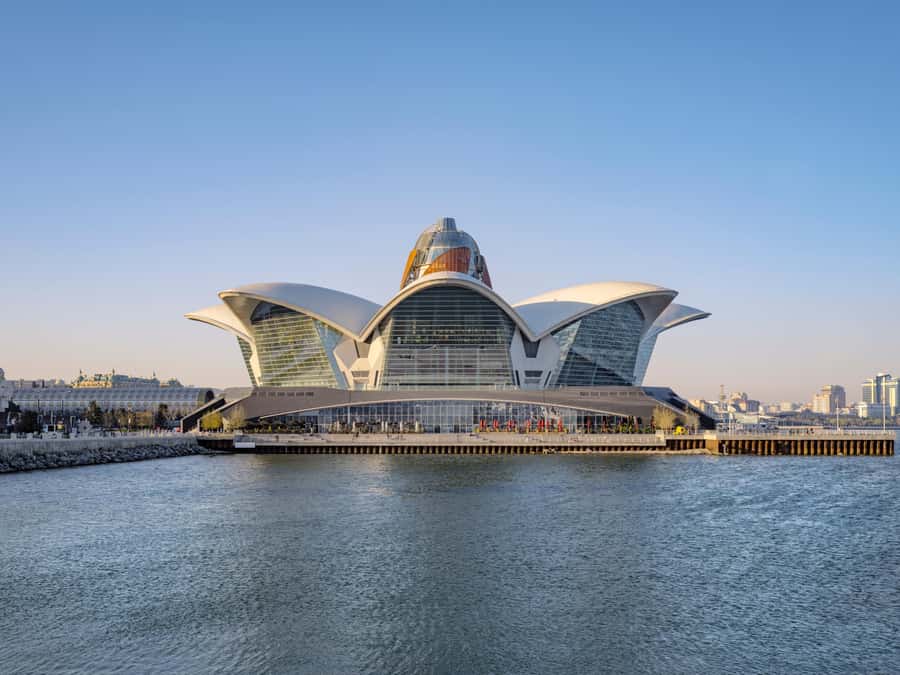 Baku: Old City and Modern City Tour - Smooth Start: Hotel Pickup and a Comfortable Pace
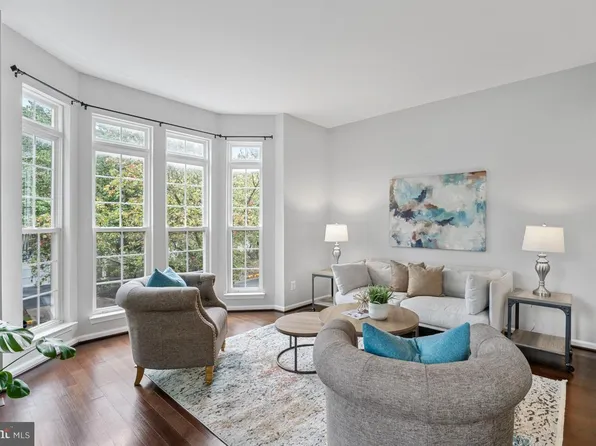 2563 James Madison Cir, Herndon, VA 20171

--

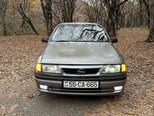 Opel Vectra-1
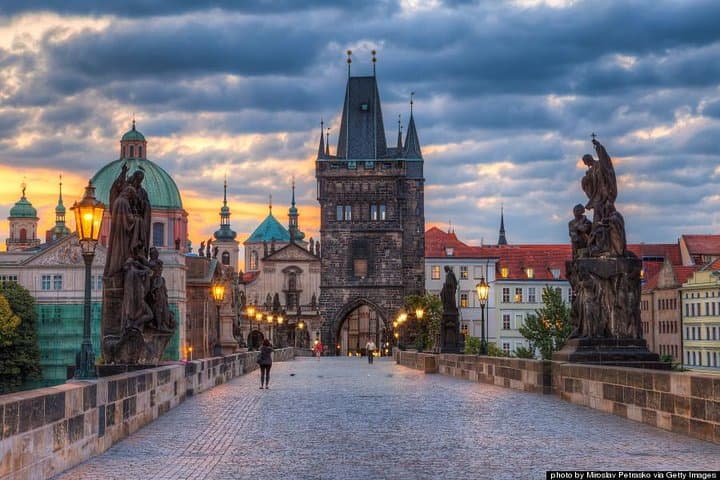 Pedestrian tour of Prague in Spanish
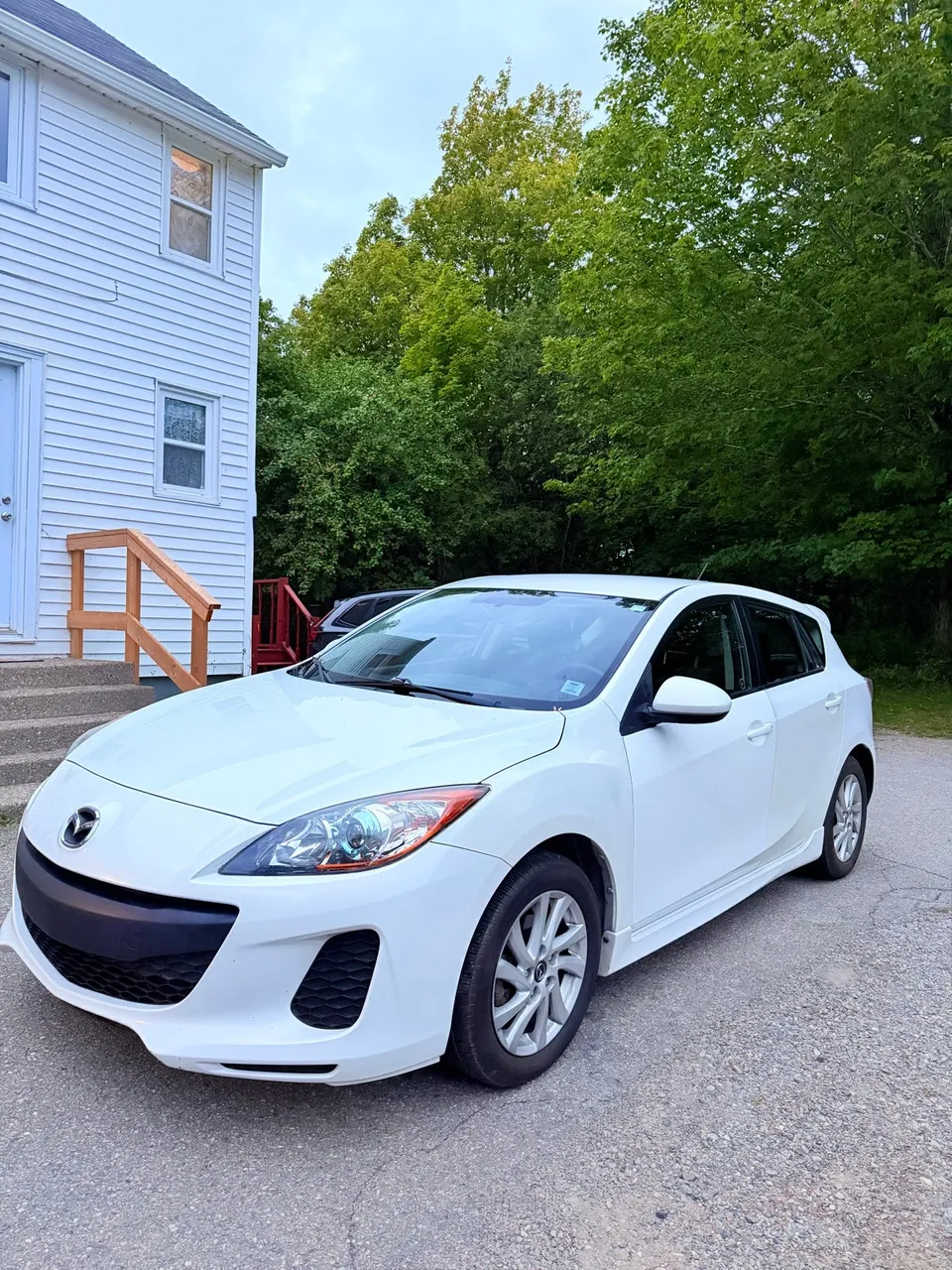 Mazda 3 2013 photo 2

...

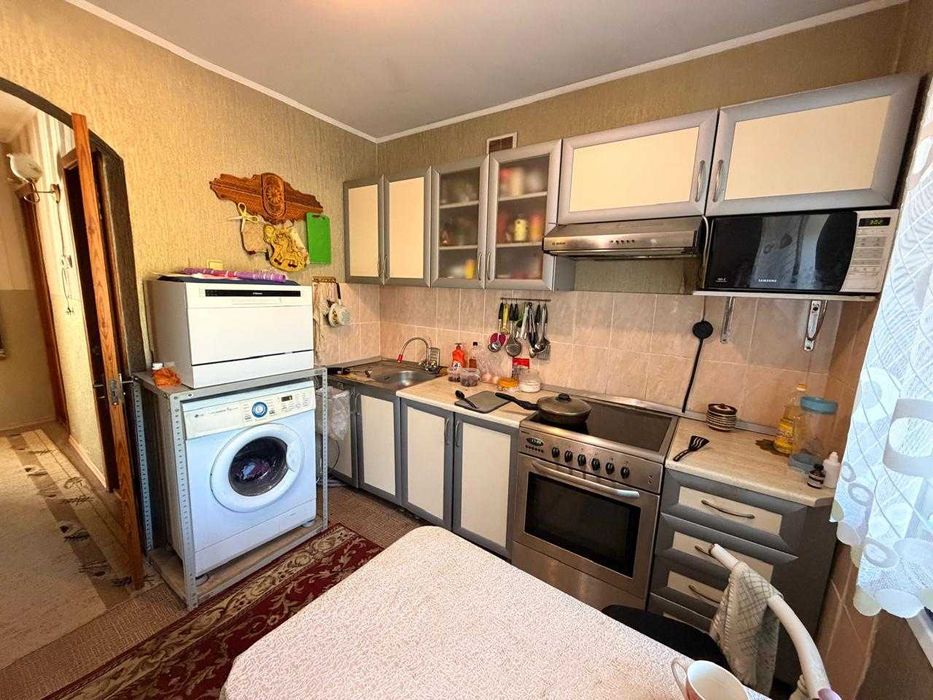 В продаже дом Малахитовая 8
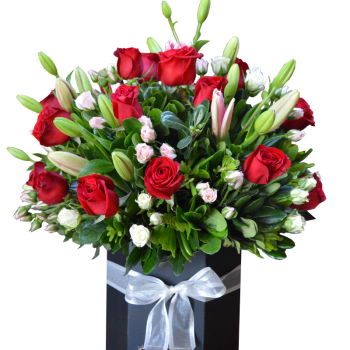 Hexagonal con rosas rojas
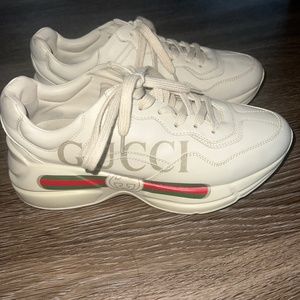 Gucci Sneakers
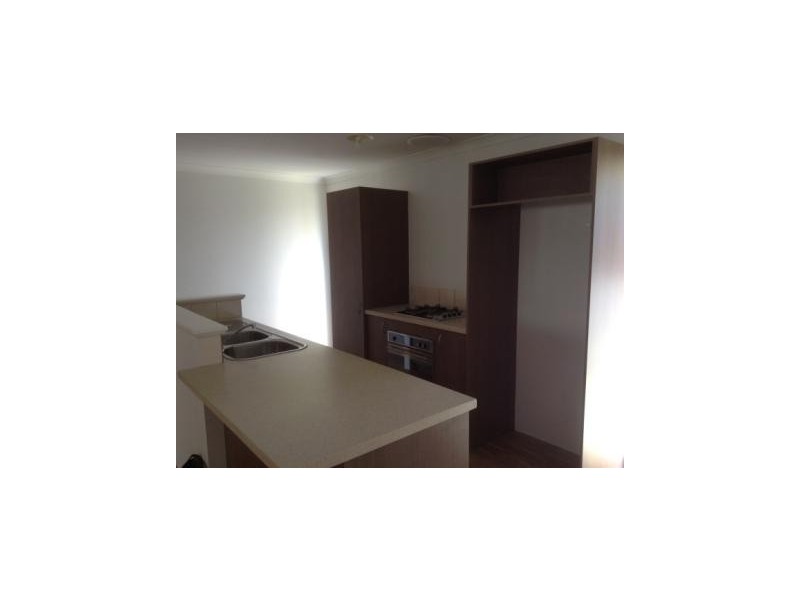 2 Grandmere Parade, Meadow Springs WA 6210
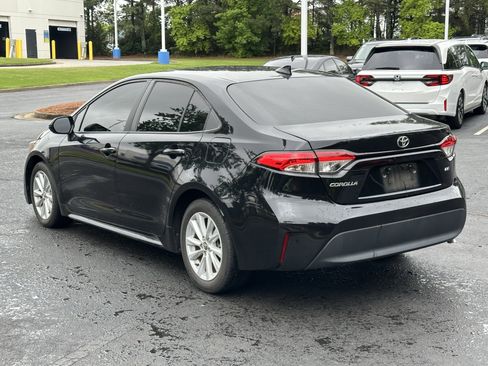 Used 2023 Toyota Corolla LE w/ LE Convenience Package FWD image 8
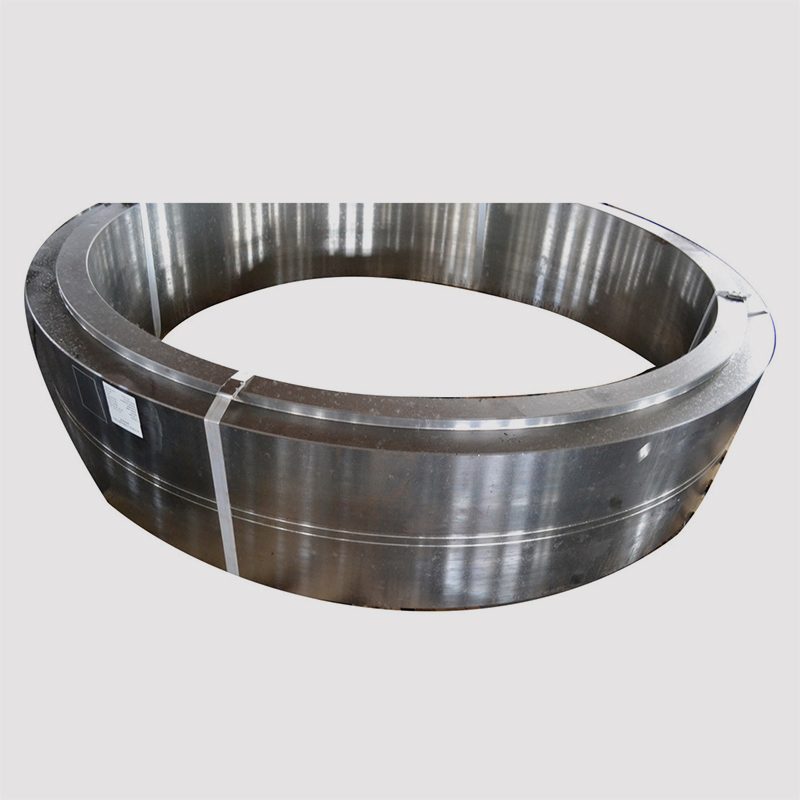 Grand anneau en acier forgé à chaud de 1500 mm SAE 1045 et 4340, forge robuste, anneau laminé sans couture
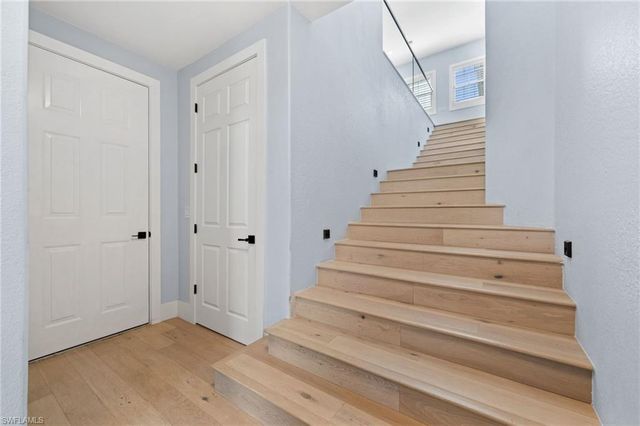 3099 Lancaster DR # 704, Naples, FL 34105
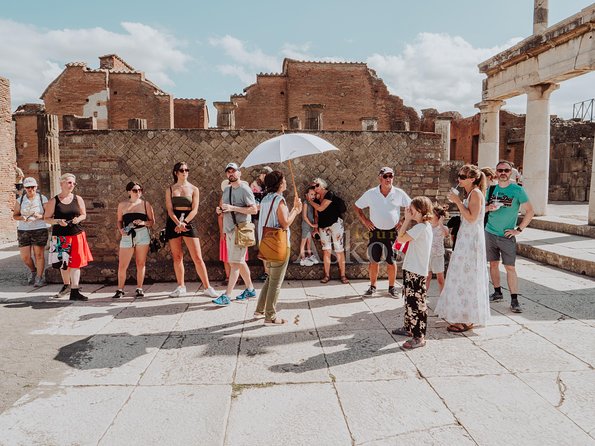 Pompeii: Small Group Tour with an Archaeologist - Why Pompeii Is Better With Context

**The problem**. Transcribe only this stretch of the data: the line with "2 Grandmere Parade, Meadow Springs WA 6210", the line with "Pompeii: Small Group", and every line in between. Leave out the pictures.

**Result for this task**.
 2 Grandmere Parade, Meadow Springs WA 6210
 Used 2023 Toyota Corolla LE w/ LE Convenience Package FWD image 8
 Grand anneau en acier forgé à chaud de 1500 mm SAE 1045 et 4340, forge robuste, anneau laminé sans couture
 3099 Lancaster DR # 704, Naples, FL 34105
 Pompeii: Small Group Tour with an Archaeologist - Why Pompeii Is Better With Context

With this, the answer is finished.